Note that this is no problem if the relay is only used to extend the range of a single node: all we have to do is give the relay the same number of the node in netgroup 1 as what is assigned to that single node in netgroup 2.

But with more nodes behind the relay, we’re losing all their node ID’s. This is not very practical if we need to know exactly where the reported sensor data was generated, for example. We’re hitting the limitation that there are only 31 different ways to identify all incoming packets!

The solution is to insert the node ID of the original node as first byte of the payload data. So a packet coming from say node 7 in netgroup 2, will come in as a packet from node 30 (the relay), with an extra byte inserted in front of the packet, containing the value 7. The groupRelay.pde sketch has been extended to support this “multi-node relaying” capability.

On the receiving end, the software needs to know that node 30 in netgroup 1 is a relay. It then knows that the first byte is not data but an “extended” node ID, and it can use that to re-identify the packet as coming from a node in netgroup 2.

The extra data byte means that the maximum payload length across a relay is one byte less than what the nodes in netgroup 1 can send to the central node, i.e. 65 bytes instead of the 66 bytes supported by the RF12 driver.

Let’s use some conventions for node ID’s to support this mechanism. Node ID’s will be assigned as follows:

  • node ID’s 1..26 are available for “real” end points, e.g. sensor nodes
  • node ID’s 27..30 are available for relays and other “management” nodes
  • node ID 31 is to be used as standard ID for the central receiver
  • node ID 31 is also used by relays on the listening side
  • lastly, node 31 is normally the node which always listens, and which sends out ACKs

Note that there is nothing in the RF12 driver implementation which enforces such a numbering scheme. It’s just a convention to simplify configuration, and to simplify the software later on.

This scheme has the following implications:

  • the maximum number of end point sensor nodes is 26 x 250 = 6,500 nodes
  • each netgroup can have at most 4 group relays, i.e. the “fanout” is up to 4
  • each relay introduces a “hop” and may reduce the max payload size by one byte

Tomorrow, I’ll describe how to use this in a larger context.

  1. this looks very much like TCP/IP : MAC layer adresses for nodes in a CDMA group (subnet), and IP layer for routing …

  2. Just make sure you use TTL’s when you do multihop relaying or else you will endup in a packet storm ;-)

    If you are really into larger size WSN nets then it might be wise to look at existing protocols like 802.15.4 and 6lowpan to avoid reinventing the wheel.

  3. Loosing a byte over a relay lacks elegance as you need to know that you will be relayed before the packet is sent. Will you start using ‘more’ bits to allow for relaying full size packets? Perhaps further examination of the whole requirement is required.

    • Most packets are well under 66 bytes – the header byte is inserted by the relay (and all data shifted up one byte).
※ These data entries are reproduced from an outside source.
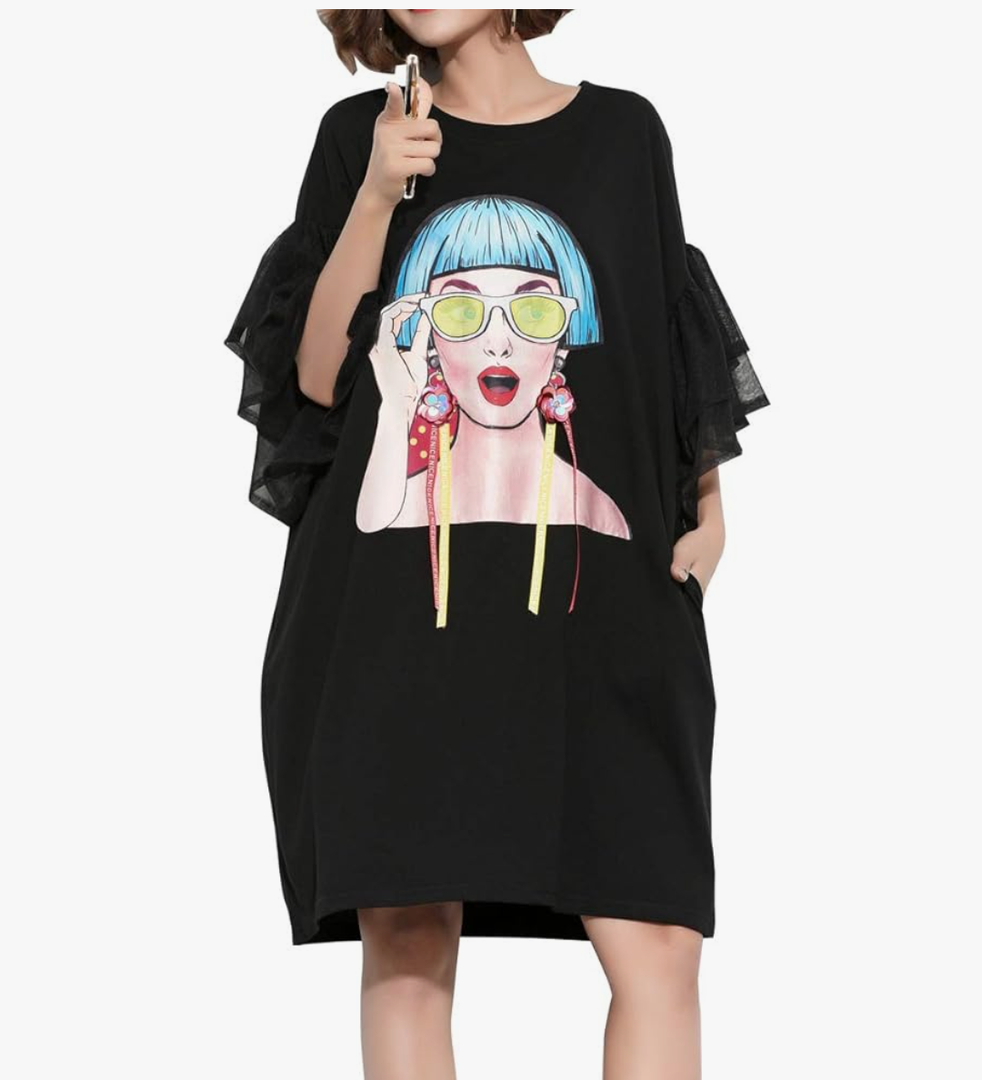 ellazhu Women's Loose Fit Short Sleeve Casual Crew Neck T-Shirt Oversized Tee Top GA1360 Black One Size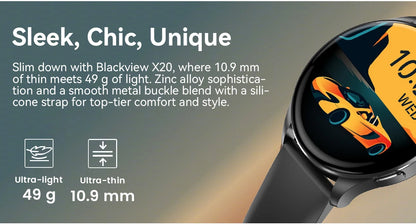 Blackview 2024 New Smartwatch X20 Watch AMOLED Display Hi-Fi Bluetooth Phone Calls Health and Fitness Tracking  for ISO Android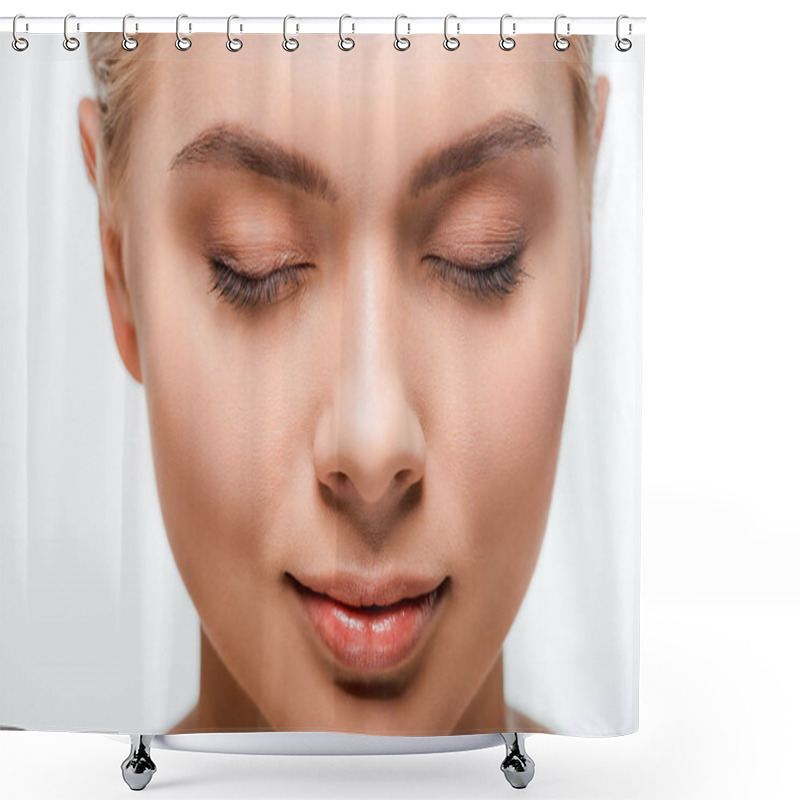 Personality  Attractive Woman With Closed Eyes Isolated On White  Shower Curtains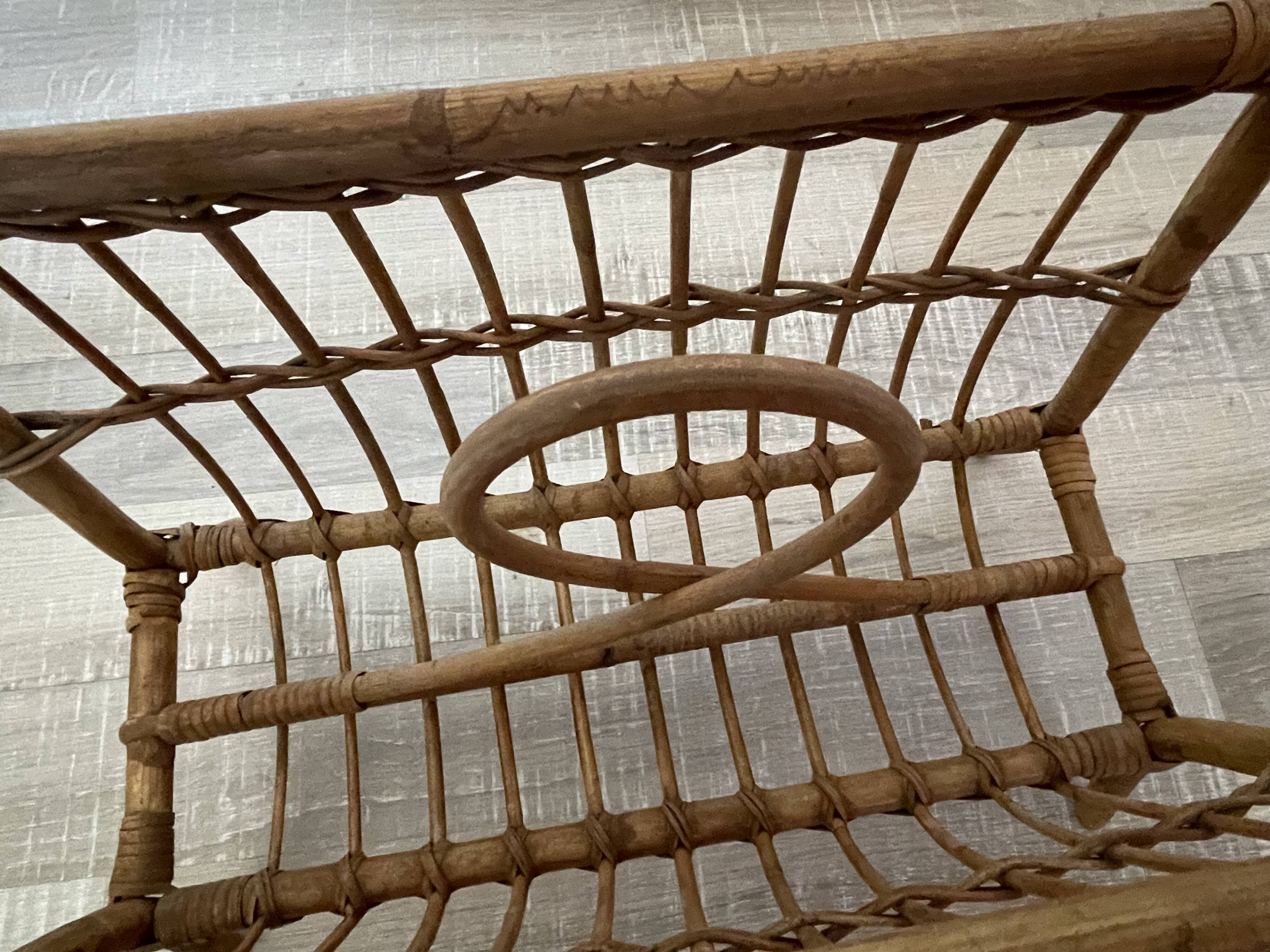 60s rattan magazine rack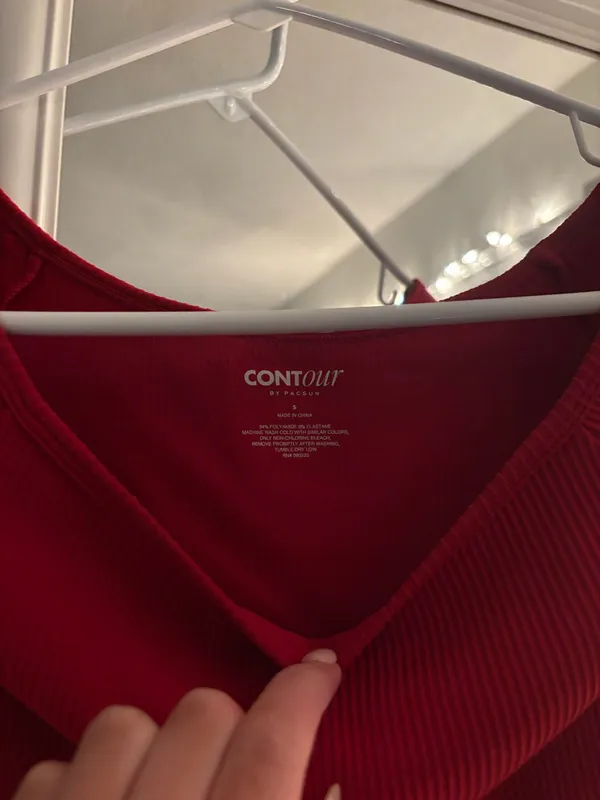 Red ribbed pacsun crop tshirt  - Image 2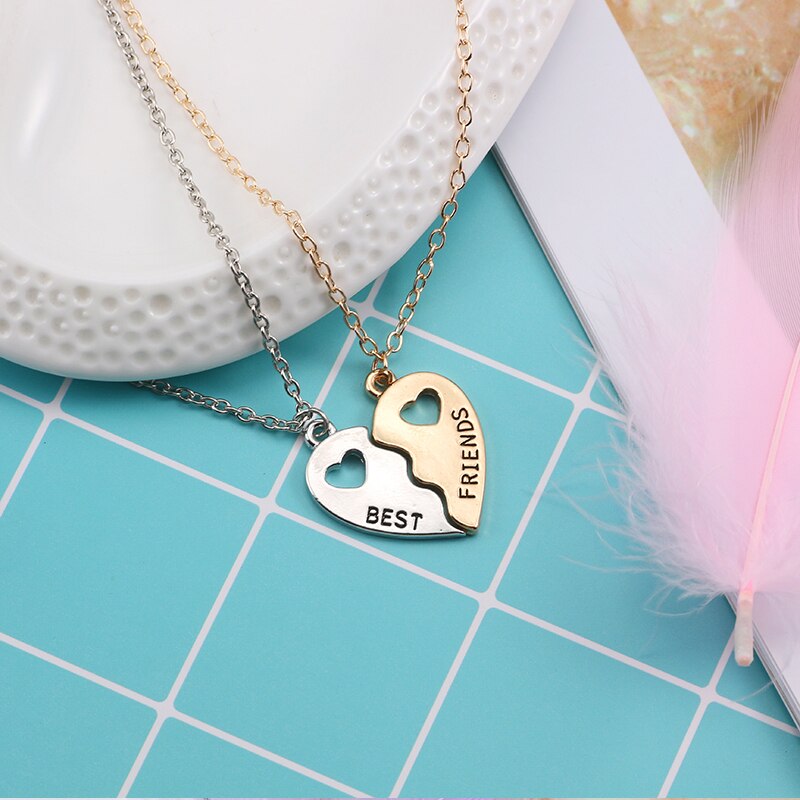 Fashion Best Friends Honey Love Couple Pendant Necklace 2 Pcs/ Set Chain Choke Broken Heart BFF Good Friendship Jewelry Gift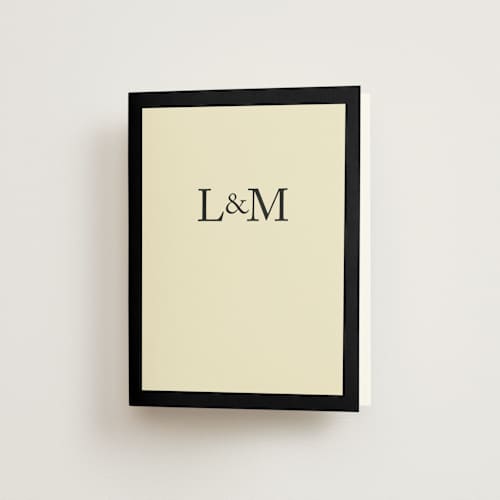 This is a midnight wedding thank you cards with standard by mo kelley called classic initials printing on strathmore in standard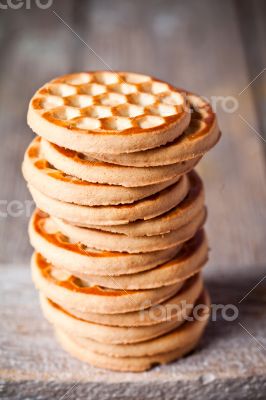 stack of honey cookies 
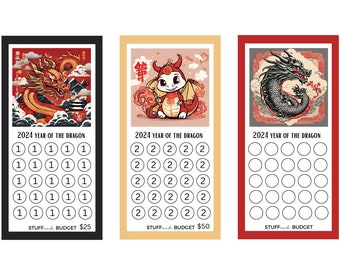 Jaar van de DRAAK Mini-spaaruitdagingen Digitale download Maannieuwjaar Chinees Nieuwjaar Denominatie met laag inkomen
The only impact this has on the payload, as far as I can tell, is that the receiving PC/Mac must know which which nodes in which groups are relays, to know where to extract the inserted bytes.

  4. “the header byte is inserted by the relay (and all data shifted up one byte)” Why don’t you do that in the node? Because if you do it in the node you don’t need to shift the data.

    This just work in rfm12b? I’m asking that because rfm12 doesn’t have groups!

  5. Why don’t you do that in the node?

    Because then the node needs to know through how many relays the data passes.

    rfm12 doesn’t have groups!

    Not sure what you mean. By “groups” I mean the “netgroups” implemented by the RF12 driver.